> Required work: Output the data below line for line, exactly, up to and including the line where "角丸ウォールマット　W900×H1200　UHKM-90図面" appears.

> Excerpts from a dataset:
◆ ◆ ◆ ◆ ◆ ◆ ◆

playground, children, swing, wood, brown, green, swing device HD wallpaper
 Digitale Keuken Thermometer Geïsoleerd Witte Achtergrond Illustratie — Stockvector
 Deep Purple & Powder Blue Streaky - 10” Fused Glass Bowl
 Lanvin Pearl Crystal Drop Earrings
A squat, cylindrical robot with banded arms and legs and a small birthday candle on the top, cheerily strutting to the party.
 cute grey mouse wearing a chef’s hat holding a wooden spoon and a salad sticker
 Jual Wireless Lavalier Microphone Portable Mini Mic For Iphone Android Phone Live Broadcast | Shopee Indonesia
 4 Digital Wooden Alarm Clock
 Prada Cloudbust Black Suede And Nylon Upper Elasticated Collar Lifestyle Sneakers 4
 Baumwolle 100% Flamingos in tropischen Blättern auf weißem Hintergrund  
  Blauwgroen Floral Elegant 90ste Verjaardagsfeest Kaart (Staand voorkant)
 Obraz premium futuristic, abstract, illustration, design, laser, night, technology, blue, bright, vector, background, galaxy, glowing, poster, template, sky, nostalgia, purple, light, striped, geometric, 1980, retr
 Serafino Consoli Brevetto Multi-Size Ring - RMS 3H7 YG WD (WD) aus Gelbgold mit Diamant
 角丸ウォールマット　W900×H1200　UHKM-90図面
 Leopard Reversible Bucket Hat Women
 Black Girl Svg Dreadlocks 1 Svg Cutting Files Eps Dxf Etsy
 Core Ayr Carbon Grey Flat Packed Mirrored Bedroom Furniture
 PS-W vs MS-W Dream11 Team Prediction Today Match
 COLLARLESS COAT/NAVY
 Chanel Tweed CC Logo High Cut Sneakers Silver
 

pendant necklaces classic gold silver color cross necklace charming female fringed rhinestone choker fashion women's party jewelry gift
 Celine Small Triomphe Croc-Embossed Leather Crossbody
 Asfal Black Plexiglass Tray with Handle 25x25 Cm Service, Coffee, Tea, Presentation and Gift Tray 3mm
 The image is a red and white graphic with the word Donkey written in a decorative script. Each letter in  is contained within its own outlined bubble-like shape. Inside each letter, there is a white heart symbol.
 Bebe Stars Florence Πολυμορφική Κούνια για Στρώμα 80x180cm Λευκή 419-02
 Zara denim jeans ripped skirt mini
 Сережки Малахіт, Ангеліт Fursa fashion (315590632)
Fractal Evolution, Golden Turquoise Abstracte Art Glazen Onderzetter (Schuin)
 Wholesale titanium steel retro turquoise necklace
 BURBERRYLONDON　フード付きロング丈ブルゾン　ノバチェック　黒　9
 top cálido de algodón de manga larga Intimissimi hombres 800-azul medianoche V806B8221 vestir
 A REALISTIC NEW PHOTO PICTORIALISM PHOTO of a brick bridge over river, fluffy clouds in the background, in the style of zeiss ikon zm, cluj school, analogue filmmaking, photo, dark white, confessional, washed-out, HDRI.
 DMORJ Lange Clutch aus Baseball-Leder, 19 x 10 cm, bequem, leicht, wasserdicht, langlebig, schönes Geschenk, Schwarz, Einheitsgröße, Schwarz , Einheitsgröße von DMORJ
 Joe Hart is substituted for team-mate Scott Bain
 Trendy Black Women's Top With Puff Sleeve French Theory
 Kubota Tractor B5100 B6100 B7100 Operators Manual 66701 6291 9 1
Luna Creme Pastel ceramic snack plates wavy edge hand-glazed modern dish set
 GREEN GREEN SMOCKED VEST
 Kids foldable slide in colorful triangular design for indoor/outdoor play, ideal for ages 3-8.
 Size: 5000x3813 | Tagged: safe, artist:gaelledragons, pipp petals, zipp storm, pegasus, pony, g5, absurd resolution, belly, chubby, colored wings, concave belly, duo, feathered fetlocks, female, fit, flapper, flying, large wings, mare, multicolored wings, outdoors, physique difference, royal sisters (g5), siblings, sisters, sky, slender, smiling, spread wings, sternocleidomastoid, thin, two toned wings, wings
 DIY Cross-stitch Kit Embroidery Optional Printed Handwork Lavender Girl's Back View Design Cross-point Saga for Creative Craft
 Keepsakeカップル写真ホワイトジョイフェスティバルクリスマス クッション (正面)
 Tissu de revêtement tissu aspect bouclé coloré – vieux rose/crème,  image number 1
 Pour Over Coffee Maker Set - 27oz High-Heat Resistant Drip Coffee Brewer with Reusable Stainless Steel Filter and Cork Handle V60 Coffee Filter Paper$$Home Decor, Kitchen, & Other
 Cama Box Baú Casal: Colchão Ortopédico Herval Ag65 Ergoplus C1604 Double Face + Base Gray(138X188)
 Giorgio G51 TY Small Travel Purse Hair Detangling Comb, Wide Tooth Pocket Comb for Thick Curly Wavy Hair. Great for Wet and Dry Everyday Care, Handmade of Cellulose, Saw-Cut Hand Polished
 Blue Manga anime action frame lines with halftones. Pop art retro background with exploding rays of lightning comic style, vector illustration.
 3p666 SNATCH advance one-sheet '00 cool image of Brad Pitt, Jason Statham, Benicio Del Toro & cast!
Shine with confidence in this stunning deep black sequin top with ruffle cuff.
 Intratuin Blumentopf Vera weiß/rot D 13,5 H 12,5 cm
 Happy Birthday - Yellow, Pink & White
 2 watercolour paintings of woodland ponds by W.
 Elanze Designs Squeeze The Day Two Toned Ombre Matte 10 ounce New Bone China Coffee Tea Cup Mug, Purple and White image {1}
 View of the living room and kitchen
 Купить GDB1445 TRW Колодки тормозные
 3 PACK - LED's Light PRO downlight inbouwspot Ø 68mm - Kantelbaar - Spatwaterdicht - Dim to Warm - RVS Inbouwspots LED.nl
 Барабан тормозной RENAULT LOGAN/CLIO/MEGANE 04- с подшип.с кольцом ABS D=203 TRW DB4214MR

◆ ◆ ◆ ◆ ◆ ◆ ◆

> Response to the exercise:
playground, children, swing, wood, brown, green, swing device HD wallpaper
 Digitale Keuken Thermometer Geïsoleerd Witte Achtergrond Illustratie — Stockvector
 Deep Purple & Powder Blue Streaky - 10” Fused Glass Bowl
 Lanvin Pearl Crystal Drop Earrings
A squat, cylindrical robot with banded arms and legs and a small birthday candle on the top, cheerily strutting to the party.
 cute grey mouse wearing a chef’s hat holding a wooden spoon and a salad sticker
 Jual Wireless Lavalier Microphone Portable Mini Mic For Iphone Android Phone Live Broadcast | Shopee Indonesia
 4 Digital Wooden Alarm Clock
 Prada Cloudbust Black Suede And Nylon Upper Elasticated Collar Lifestyle Sneakers 4
 Baumwolle 100% Flamingos in tropischen Blättern auf weißem Hintergrund  
  Blauwgroen Floral Elegant 90ste Verjaardagsfeest Kaart (Staand voorkant)
 Obraz premium futuristic, abstract, illustration, design, laser, night, technology, blue, bright, vector, background, galaxy, glowing, poster, template, sky, nostalgia, purple, light, striped, geometric, 1980, retr
 Serafino Consoli Brevetto Multi-Size Ring - RMS 3H7 YG WD (WD) aus Gelbgold mit Diamant
 角丸ウォールマット　W900×H1200　UHKM-90図面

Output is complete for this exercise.